Both of them say the health benefits of dancing are great as it gives you a great cardiovascular workout as well as burning calories.
John and Sylvia’s life has taken a lot of twists before finally landing in Jamestown’s Viewpointe subdivision 12 years ago.
John worked for many years at Ford Motor Company in Michigan while Sylvia stayed with her children and others at home, the latter for the state of Michigan, for many years and as a manager of Sunglass Hut for four years. John also helped to start a very successful youth soccer program in Michigan as soccer was big in his homeland.
When asked why move to this area from Michigan after they both retired, Sylvia said, “the air and water is cleaner and there is less pollution.”

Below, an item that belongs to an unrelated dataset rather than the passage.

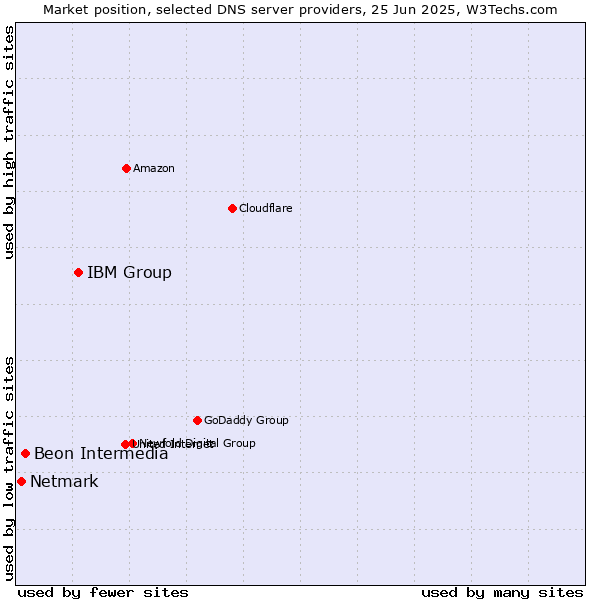 Market position of IBM Group vs. Beon Intermedia vs. Netmark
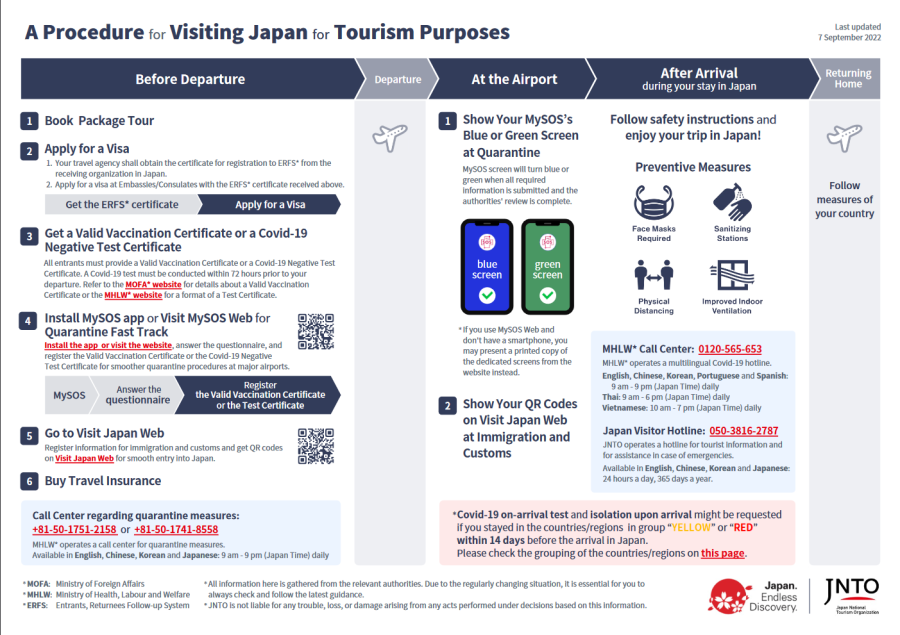Screenshot 2022-09-08 at 20-22-18 220907_tourists_processmap_eng_f2trlq.pdf.png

“Once you cross the Ohio border going north you can smell the gas pollution,” she said.
John said he loved the laid back atmosphere of Russell County but that it sometimes feels a bit too laid back.
This is one of the reasons for starting the dancing lessons at the center, to liven this place up.
The couple said they are looking forward to the Jamestown Center’s dance hall opening and commended the center’s owner, George Alford, for putting in such a business.
John said he hoped people would support dancing at the center and that couples are welcome at all their dance classes.
Sylvia was born and raised in England’s Nottingham, of Robin Hood fame, while John, a former military man, is originally from Southampton, the largest city on England’s south coast.
“We all first immigrated to Canada separately,” she said. The two of them first moved to Canada and then the United States with their first spouses.
After both of their previous marriages ended, John, who has been in America since 1965, and Sylvia, who has been in America since 1967, began seeing one another and was eventually married in 1977.
The two had known each other for several years before this as well.
The couple, who both still have rich English accents, said they don’t get homesick for Michigan because of the cold and snow or for England because of the harsh reality of day-to-day life and poverty.
The Weeks’ family is dotted all over the globe as John has a sister and nephew in Australia and Sylvia has a sister in New Zealand as well as a brother in England. A son from John’s previous marriage still resides in England as do three of his sisters. The couple has a total of seven children between them.
They have one daughter together, Heather Weeks, also of Jamestown, who nominated them as this week’s heroes. Heather is the mother of three children, as well.
“It’s difficult to keep in contact with family farther away and we usually just exchange at Christmas time,” Sylvia said.
The Weeks both said they grew up very poor in England and said their food was rationed as well as having to find activities to bide their time, such as homemade toys or games. Both said their Christmas presents often consisted of a single apple or orange.
Life has since changed for the Weeks as they have a nice life with a nice home and are living out their retirement on the dance floor.